Rebels take full control of crash site; Kerry accuses Russia of complicity


Associated Press

TOREZ, Ukraine

Rebels in eastern Ukraine took control Sunday of the bodies recovered from downed Malaysia Airlines Flight 17, and U.S. and European leaders demanded that Russian President Vladimir Putin make sure rebels give international investigators full access to the crash site.

U.S. Secretary of State John Kerry said Ukraine’s separatists were to blame for the downing of the aircraft, adding there was “extraordinary circumstantial evidence” that showed Russia was almost certainly complicit in arming the rebels.

“There’s a stacking up of evidence here, which Russia needs to help account for. We are not drawing the final conclusion here. But there is a lot that points at the need for Russia to be responsible,” Kerry said on NBC’s “Meet the Press” television show.

The key question of who controlled the collection of evidence at the sprawling crash site in rebel-held territory dominated the day’s rapid-fire developments. International monitors say armed rebels have limited their access to the crash site and Ukrainian officials said armed rebels took the bodies away from their workers by force.

Ukraine and the separatists accuse each other of firing a surface-to-air missile Thursday at Malaysia Airlines Flight 17 as it flew from Amsterdam to Kuala Lumpur some 33,000 feet (10,000 meters) above the battlefields of eastern Ukraine. Both deny shooting down the plane.

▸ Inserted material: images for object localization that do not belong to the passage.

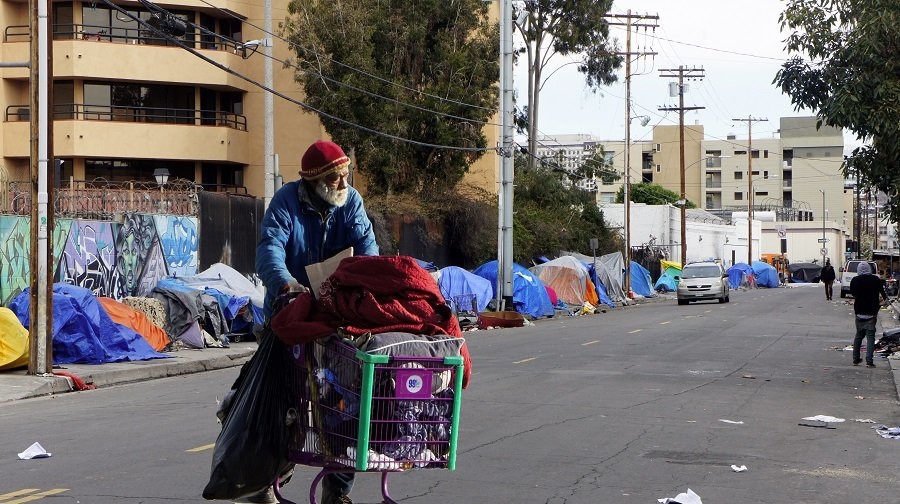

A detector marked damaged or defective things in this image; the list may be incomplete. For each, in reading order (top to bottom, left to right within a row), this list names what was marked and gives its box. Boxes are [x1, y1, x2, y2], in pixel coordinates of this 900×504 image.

cracked pavement [1, 286, 900, 502]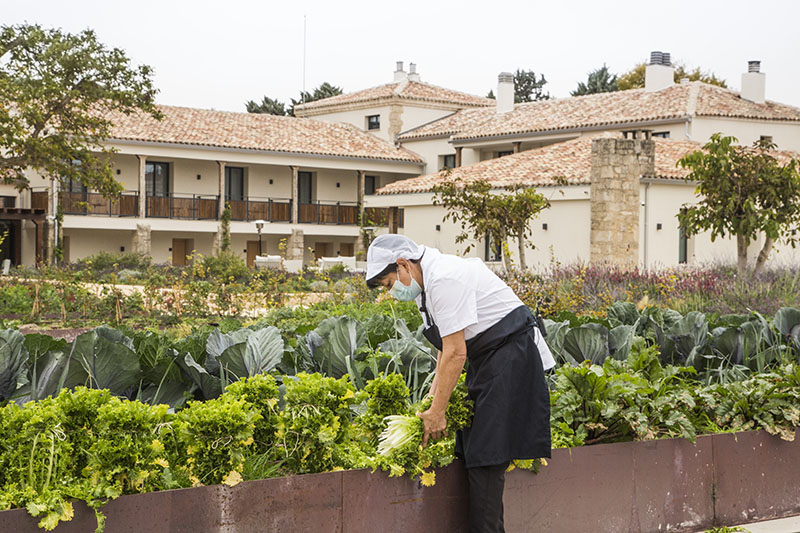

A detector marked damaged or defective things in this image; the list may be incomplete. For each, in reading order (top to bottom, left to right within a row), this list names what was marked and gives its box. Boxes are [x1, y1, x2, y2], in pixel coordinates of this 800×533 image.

rusty metal planter wall [3, 428, 796, 532]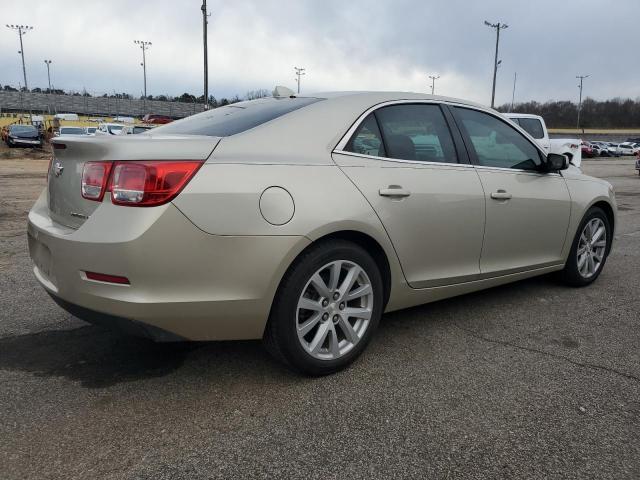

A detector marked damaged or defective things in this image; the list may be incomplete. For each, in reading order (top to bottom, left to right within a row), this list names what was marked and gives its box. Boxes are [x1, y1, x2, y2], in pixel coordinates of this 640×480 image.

crack in pavement [456, 322, 640, 386]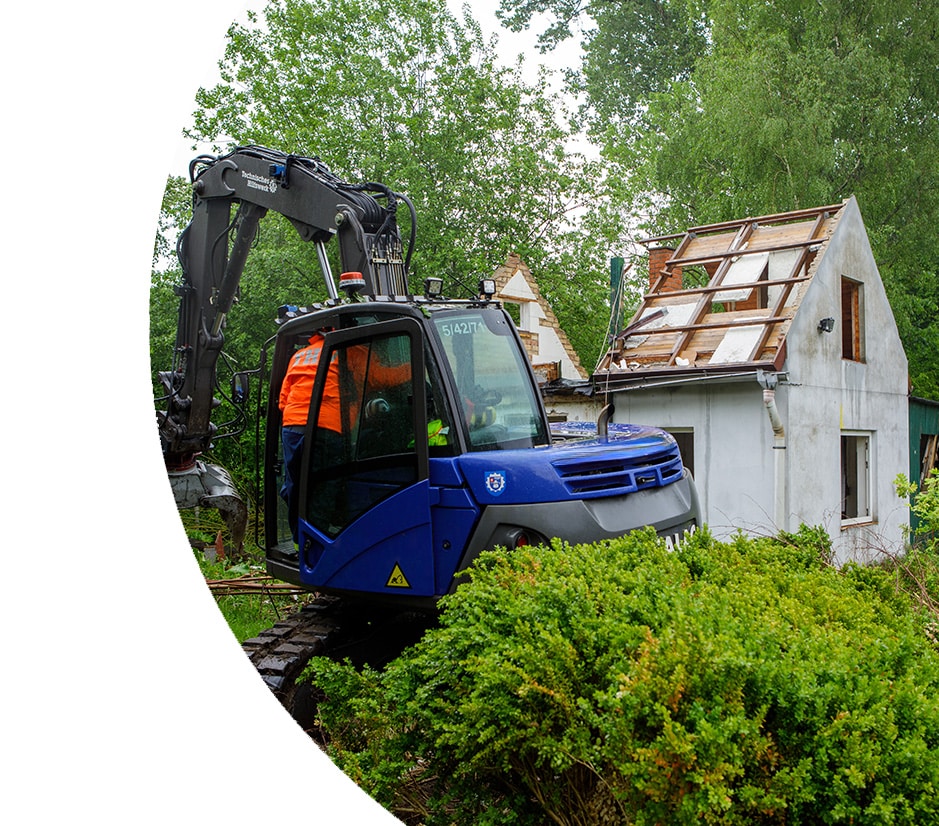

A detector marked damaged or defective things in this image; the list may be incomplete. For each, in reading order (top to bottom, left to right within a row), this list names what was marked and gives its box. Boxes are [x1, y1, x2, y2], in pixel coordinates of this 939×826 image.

damaged roof [600, 200, 848, 384]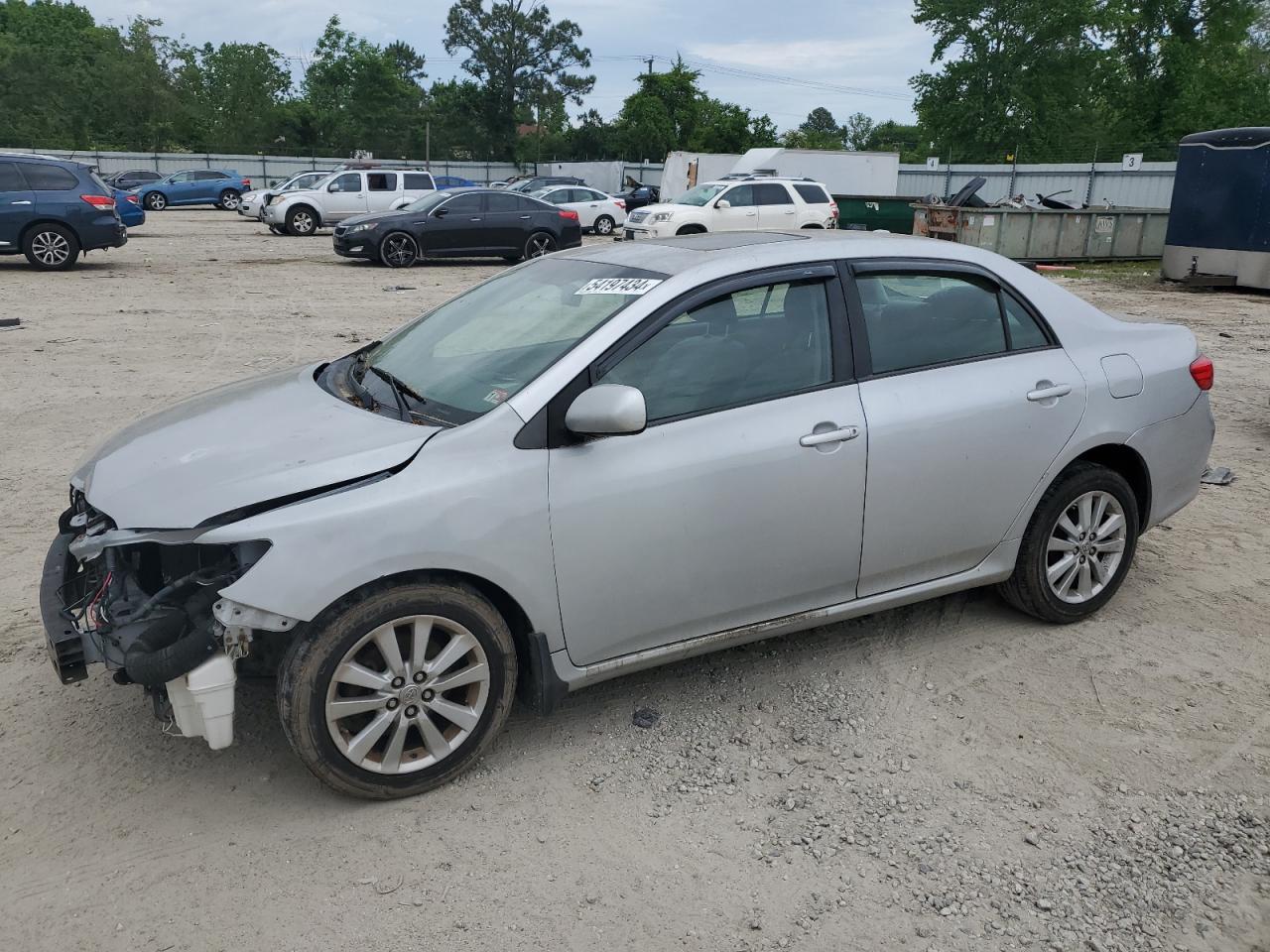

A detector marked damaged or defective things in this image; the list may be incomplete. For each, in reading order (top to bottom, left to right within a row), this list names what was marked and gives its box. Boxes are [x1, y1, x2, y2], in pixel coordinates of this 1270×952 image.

front-end collision damage [42, 492, 302, 750]
cracked hood [76, 363, 441, 528]
damaged silver sedan [37, 230, 1206, 797]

All those onboard the flight — 283 passengers and 15 crew — were killed.

A wave of international outrage over how the bodies of the plane crash victims were being handled came amid fears that the armed rebels who control the crash site could be tampering with the evidence there.

Donetsk rebel leader Alexander Borodai said the bodies recovered from the crash site would remain in four refrigerated train cars in the rebel-held town of Torez, 15 kilometers (9 miles) from the crash site, until the arrival of an international aviation delegation.